At 12 months, HSEM velocity had improved in patients treated with miglustat versus those receiving standard care; results were significant when patients taking benzodiazepines were excluded (p=0.028). Children showed an improvement in HSEM velocity of similar size at 12 months. Improvement in swallowing capacity, stable auditory acuity, and a slower deterioration in ambulatory index were also seen in treated patients older than 12 years. The safety and tolerability of miglustat 200 mg three times a day in study participants was consistent with previous trials in type I Gaucher disease, where half this dose was used.
Miglustat improves or stabilises several clinically relevant markers of NPC. This is the first agent studied in NPC for which there is both animal and clinical data supporting a disease modifying benefit.
尼曼-匹克C型病(NPC)是一种遗传性神经退行性疾病,其特征为细胞内脂质转运缺陷以及鞘糖脂继发性蓄积。米格列醇是一种小分子亚氨基糖,可可逆性抑制葡糖神经酰胺合酶,该酶催化鞘糖脂合成的首个关键步骤。米格列醇能够穿过血脑屏障,因此是一种治疗神经疾病的潜在药物。我们旨在确定米格列醇对NPC严重程度的几种标志物的影响。

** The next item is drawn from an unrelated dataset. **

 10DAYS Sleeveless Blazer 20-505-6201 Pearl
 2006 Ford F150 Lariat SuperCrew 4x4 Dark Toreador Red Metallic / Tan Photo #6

年龄在12岁及以上的NPC患者(n = 29)被随机分配,分别接受每日3次、每次200 mg米格列醇治疗(n = 20)或标准治疗(n = 9),为期12个月。另有一个队列纳入了12名12岁以下的儿童;所有儿童均接受根据体表面积调整剂量的米格列醇治疗。在一项延长期研究中,所有参与者随后再接受一年的米格列醇治疗。主要终点为水平扫视眼动(HSEM)速度,基于其与疾病进展的相关性。本研究已注册为一项国际标准随机对照试验,注册号为ISRCTN26761144。
在12个月时,接受米格列醇治疗的患者与接受标准治疗的患者相比,HSEM速度有所改善;排除服用苯二氮䓬类药物的患者后,结果具有显著性(p = 0.028)。12个月时,儿童的HSEM速度也有类似程度的改善。12岁以上接受治疗的患者在吞咽能力、稳定的听力以及动态指数恶化减缓方面也有改善。研究参与者每日3次服用每次200 mg米格列醇的安全性和耐受性与先前在I型戈谢病试验中一致,后者使用的剂量是本研究剂量的一半。
米格列醇可改善或稳定NPC的几种临床相关标志物。这是在NPC研究中首个有动物和临床数据支持具有疾病修饰益处的药物。